# Task directions:
Would you please write out only the lines running from the top of the listing through the one holding "Back view of", exactly, with both ends kept and pictures left out?
_ _ _ _ _
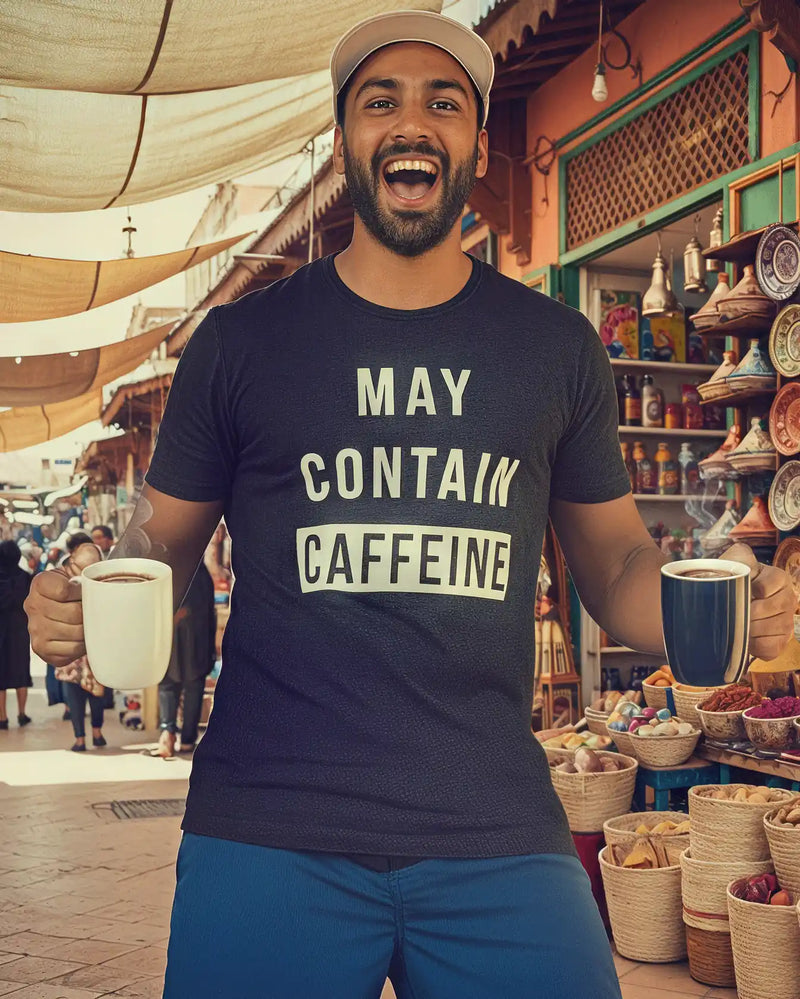 Man holding two coffee mugs and laughing in a market, wearing a funny men’s coffee shirt that says “May Contain Caffeine” by Sip & Shirt.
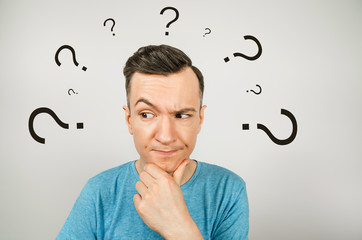 Young thinking man dressed in a blue t-shirt on a light background.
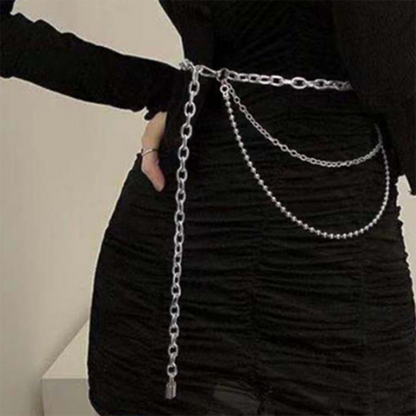 A woman wearing a black dress with a Maramalive™ Summer Body Jewelry Hip Hop Punk navel and Waist Jewelry belt.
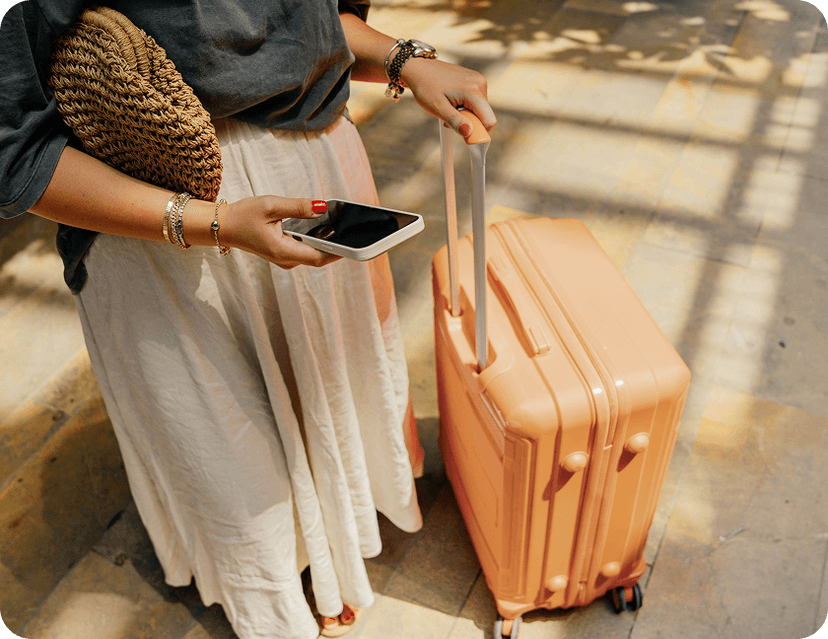 Woman traveling with her suitcase, looking at her phone.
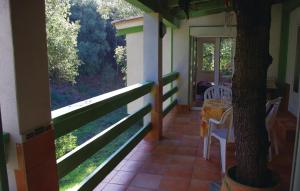 a porch of a house with a table and chairs at Nice Apartment In Sagone With Kitchen in Sagone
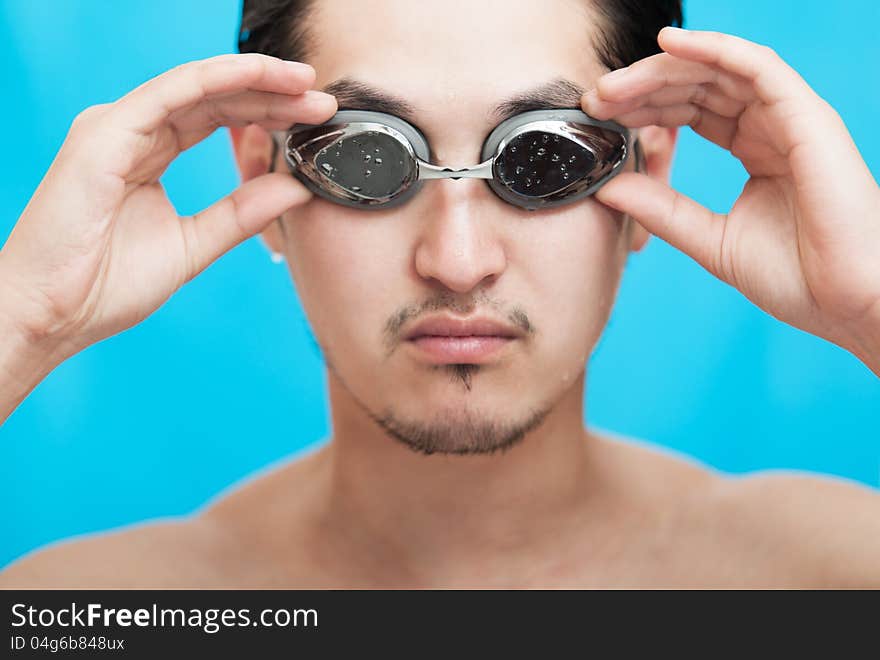 Portrait of the guy of asian appearance in swimming glasses on a blue background. Portrait of the guy of asian appearance in swimming glasses on a blue background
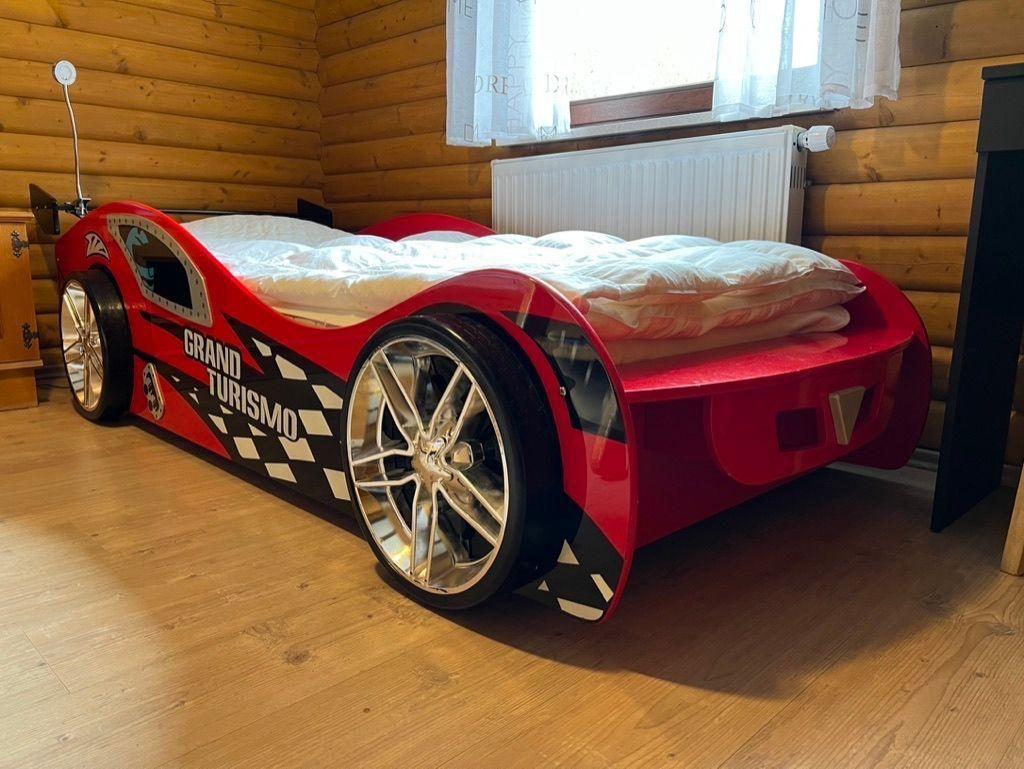 A red race car bed with white linens is in a wooden house room.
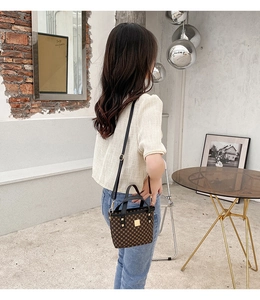 Back view of model wearing a geometric printed bucket bag with metal rivets and strap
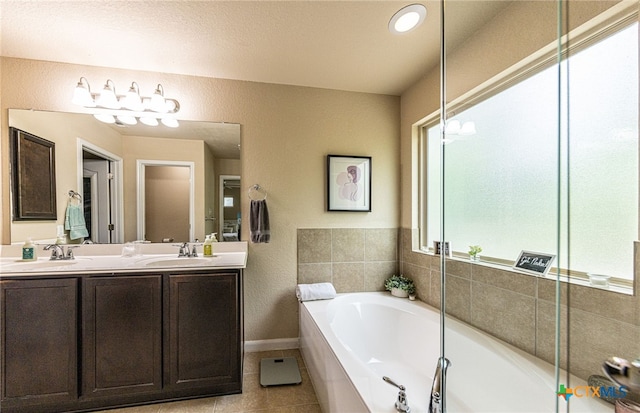 4431 Hogg, San Antonio, TX 78223 - bathroom with double vanity, a bath, and tile patterned flooring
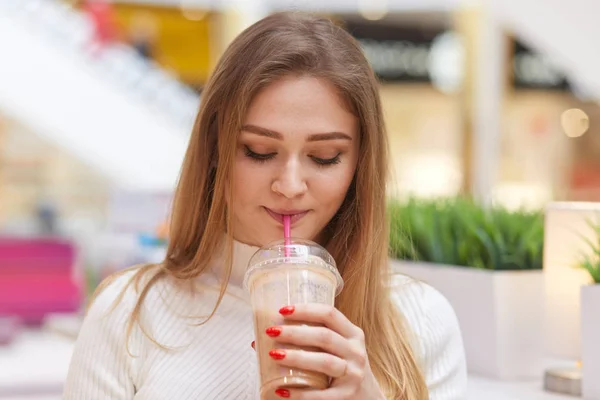 Фото чарівного блондинки-жінки п'є коктейль, позує в кафе, носить білий повсякденний светр, має червоний манікюр, дивиться вниз на її напій, любить його смак, насолоджується виходами, концепцією людей та молоді . — стокове фото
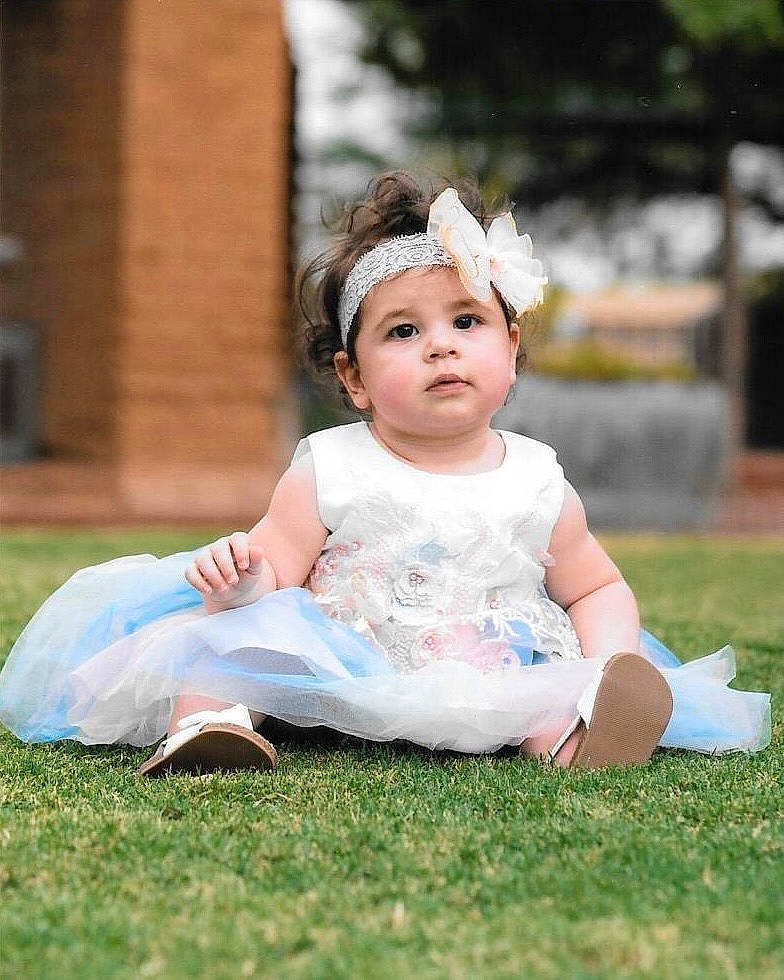 Meilani is registered to the contest to win money with this photo: baby, baby_toddler_clothing, beauty, child, child_model, costume_accessory, dress, embellishment, eye, face, hair_accessory, headband, headpiece, headwear, mouth, nose, person, pink, portrait_photography, shoe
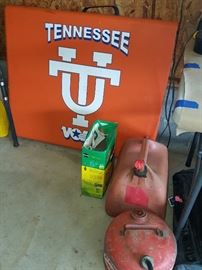 University of Tennessee Folding table shown with gas cans and Miracle Grow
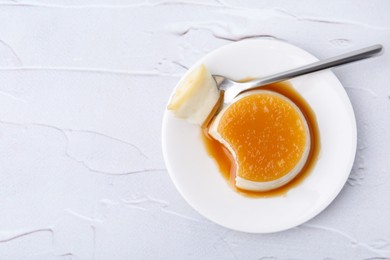 Photo of Tasty pudding with caramel sauce served on white textured table, top view. Space for text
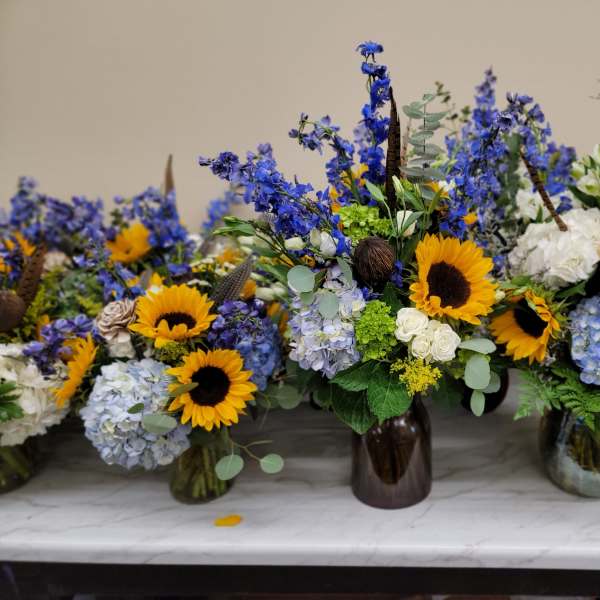 Blue and yellow floral arrangements in glass vases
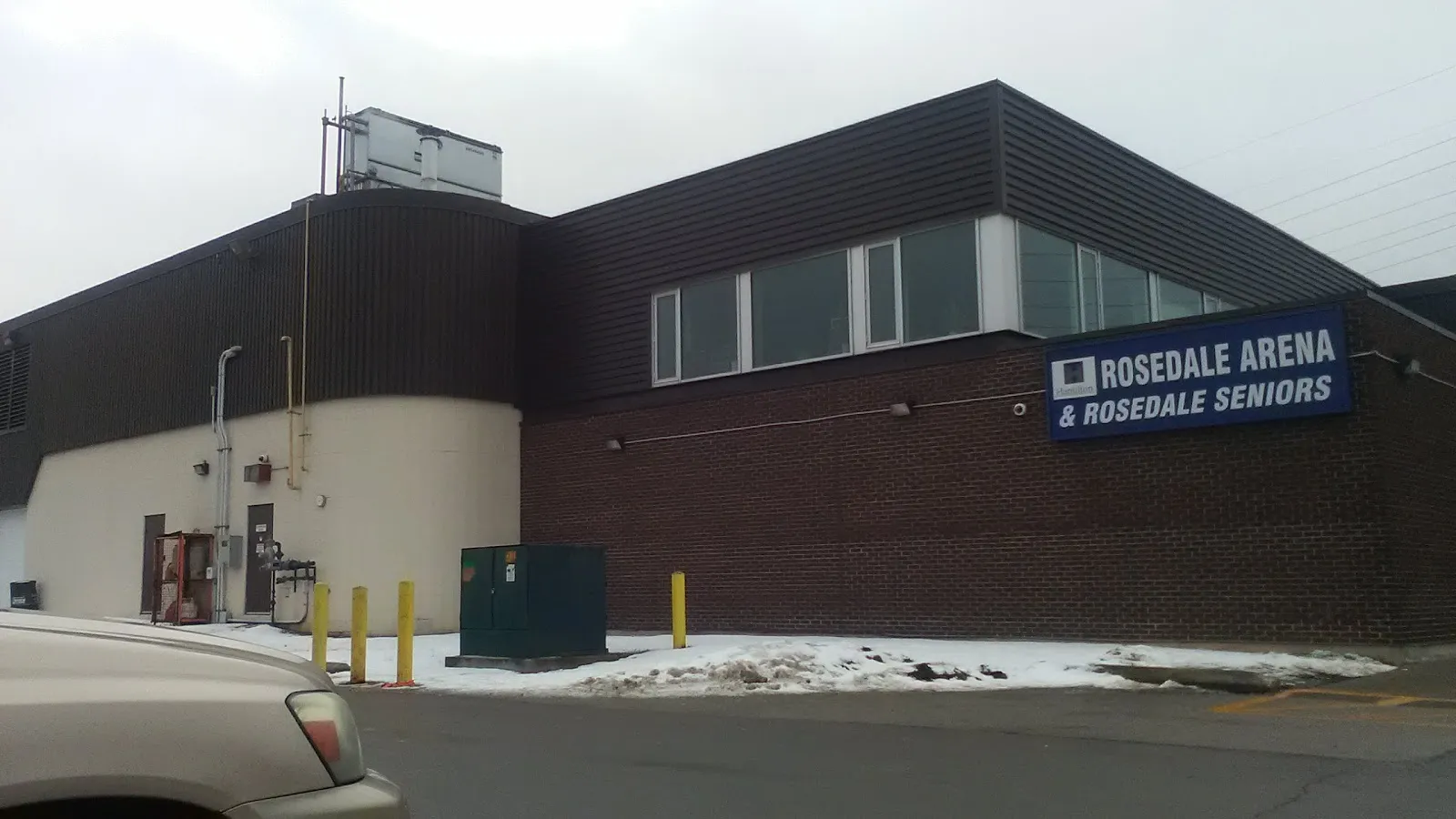 Muro de ladrillo oscuro de la arena con un letrero de "Rosedale Arena & Rosedale Seniors", bolardos y un auto estacionado al frente. — Rosedale Arena (Hamilton)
_ _ _ _ _
# Your response:
 Man holding two coffee mugs and laughing in a market, wearing a funny men’s coffee shirt that says “May Contain Caffeine” by Sip & Shirt.
 Young thinking man dressed in a blue t-shirt on a light background.
 A woman wearing a black dress with a Maramalive™ Summer Body Jewelry Hip Hop Punk navel and Waist Jewelry belt.
 Woman traveling with her suitcase, looking at her phone.
 a porch of a house with a table and chairs at Nice Apartment In Sagone With Kitchen in Sagone
 Portrait of the guy of asian appearance in swimming glasses on a blue background. Portrait of the guy of asian appearance in swimming glasses on a blue background
 A red race car bed with white linens is in a wooden house room.
 Back view of model wearing a geometric printed bucket bag with metal rivets and strap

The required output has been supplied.